The purpose of this paper is to apply the Markov decision processes to set up an optimal dynamic control policy for energy-efficient data centers. To do this, we first apply the sensitivity-based optimization theory in the study of data centers. Note that the sensitivity-based optimization is greatly refined from the Markov decision processes through re-expressing the Poisson equation (corresponding to the Bellman optimality equation) by means of several novel tools, for instance, performance potential and performance difference (see Cao’s book [5]). Also, the sensitivity-based optimization theory can be effectively related to the Markov reward processes (e.g., see Li [29] and Li and Cao [30]) so that it is an effective dynamic decision method for performance optimization of many practical Markov systems. The key idea in the sensitivity-based optimization theory is a performance difference equation that can quantify the performance difference of a Markov system under any two different policies. The difference equation gives a clear relation that explains how the system performance is varying with respect to policies. See an excellent book by Cao [5] for more details.

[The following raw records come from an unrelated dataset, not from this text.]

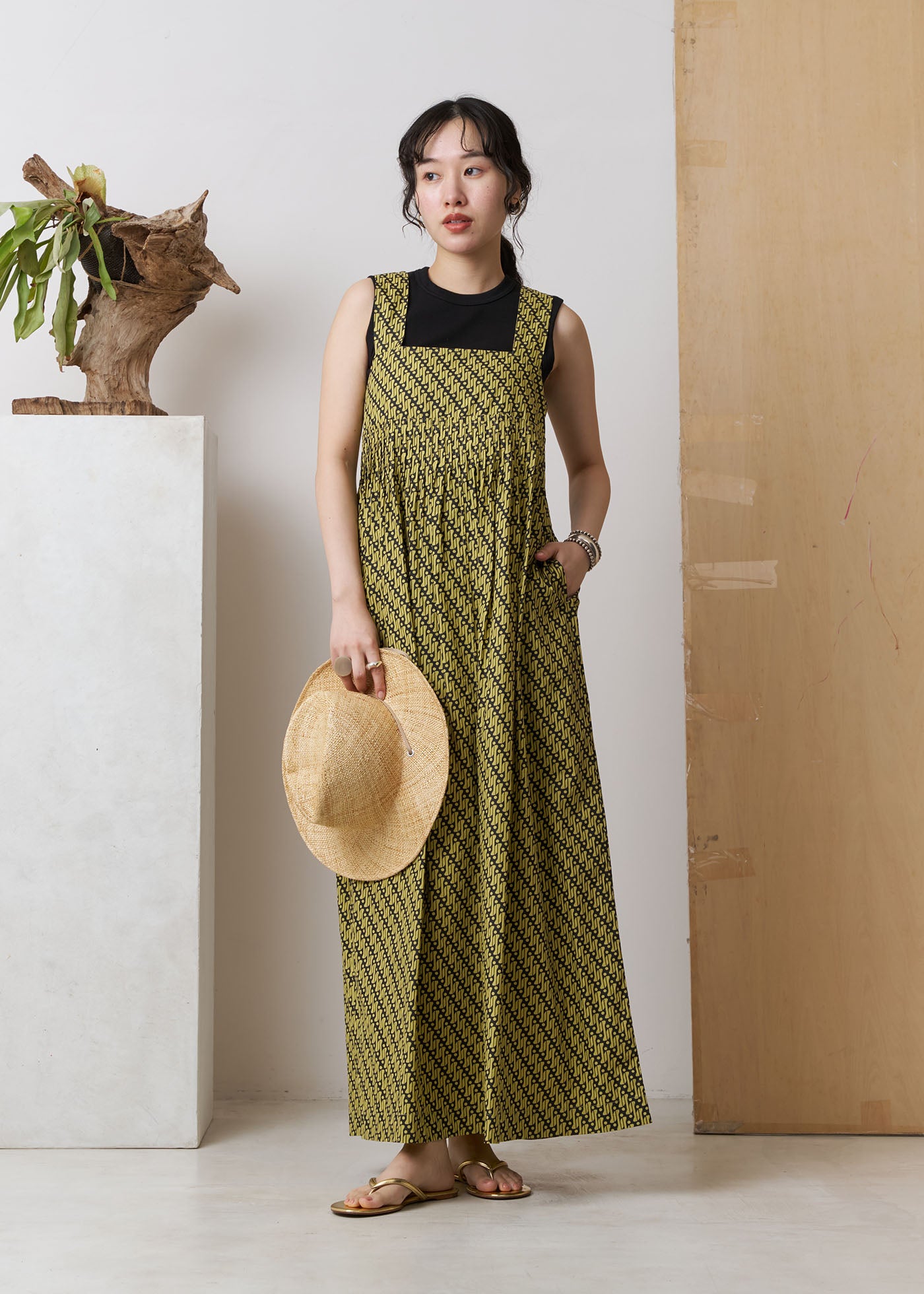 Geometric Pattern Tuck Sleeveless Dress | Pasand by ne Quittez pas |  パサンドバイヌキテパ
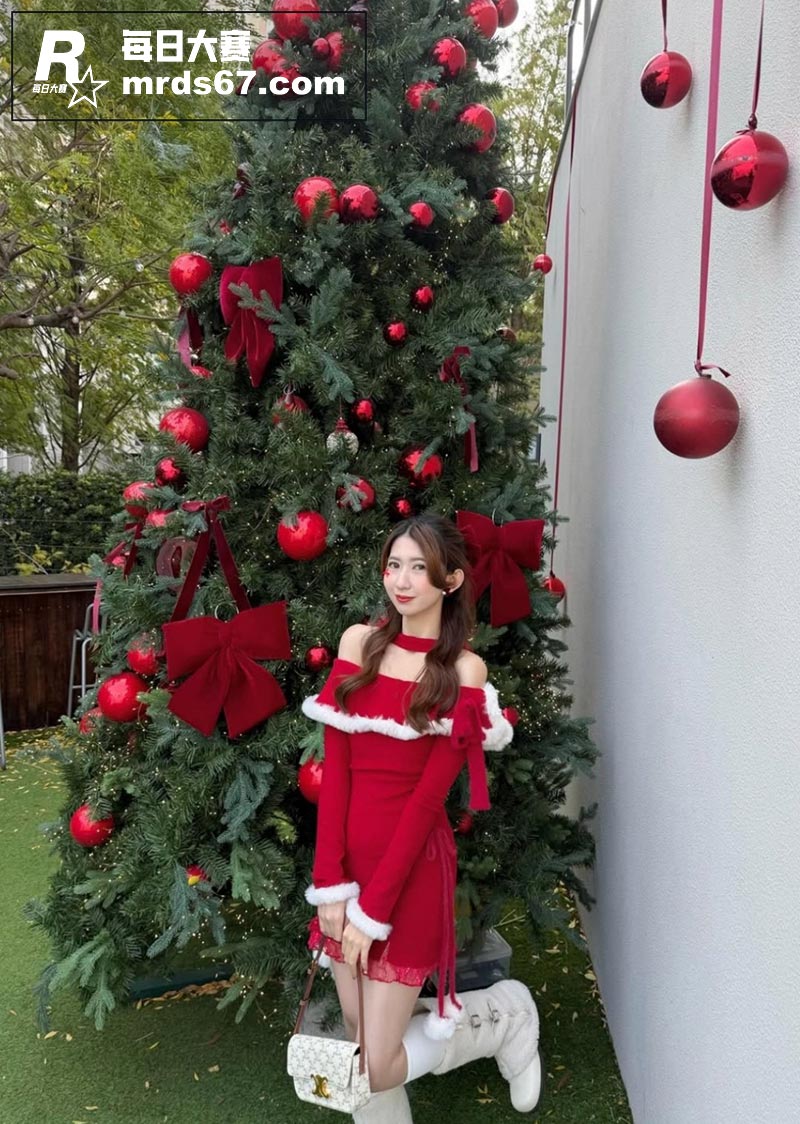 IG高颜值网红 黎美相关图片2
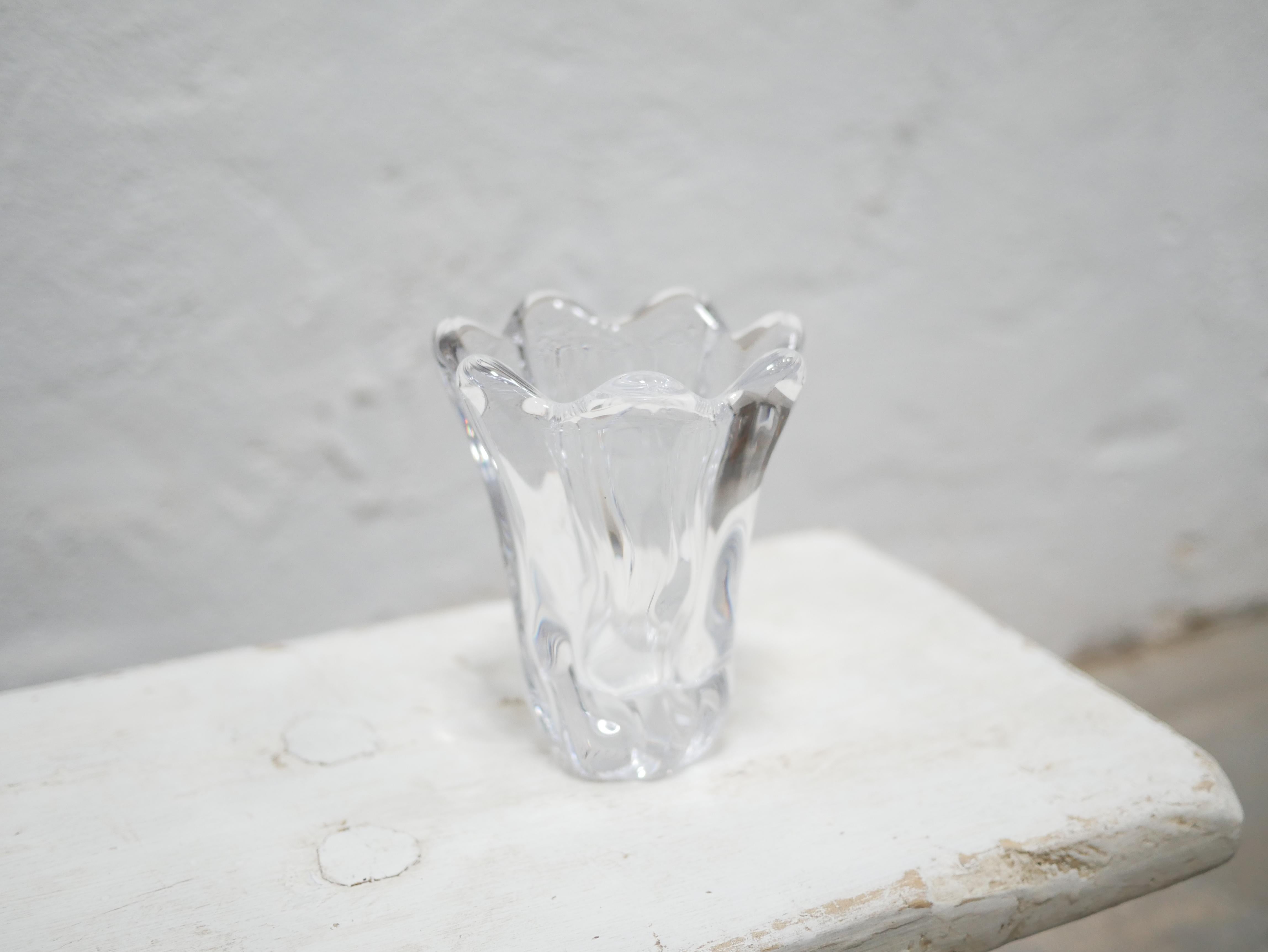 Francese Vaso di cristallo firmato Daum, Francia in vendita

So far, the sensitivity-based optimization theory has been applied to performance optimization of queueing systems (or networks). Important examples include an early invited overview by Xia and Cao [48]; the MAP/M/1 queue by Xia et al. [50]; the closed queueing networks by Xia and Shihada [54], Xia [46] and Xia and Jia [51]; and the open queueing networks by Xia [47] and Xia and Chen [49]. In addition, the sensitivity-based optimization theory was also applied to network energy management, for example, the multi-hop wireless networks by Xia and Shihada [55] and the tandem queues with power constraints by Xia et al. [53].

The main contributions of this paper are twofold. The first one is to apply the sensitivity-based optimization theory to study the optimal energy-efficient policies of data centers for the first time, in which we propose a job transfer rule among the server groups such that the sleep energy-efficient mechanism becomes more effective. Different from previous works in the literature for applying an ordinary Markov decision process to dynamic control of data centers, we propose and develop an easier and more convenient dynamic decision method: sensitivity-based optimization, in the study of energy-efficient data centers. Crucially, this sensitivity-based optimization method may open a new avenue to the optimal energy-efficient policy of more complicated data centers. The second contribution is to characterize the optimal energy-efficient policy of data centers. We set up a policy-based Poisson equation and provide explicit expression for its unique solution by means of the RG-factorization. Based on this, we analyze the monotonicity and optimality of the long-run average profit with respect to the energy-efficient policies under some restrained service prices. We obtain the structure of optimal energy-efficient policy. Specifically, we prove that the bang-bang control is optimal for this problem, which significantly reduces the large search space. We also provide an effective way to design and verify the threshold-type mechanism in practice, which is of great significance to solve the mechanism design problem of energy-efficient data centers. Therefore, the results of this paper give new insights on understanding not only mechanism design of energy-efficient data centers, but also applying the sensitivity-based optimization to dynamic control of data centers. We hope that the methodology and results given in this paper can shed light to the study of more general energy-efficient data centers.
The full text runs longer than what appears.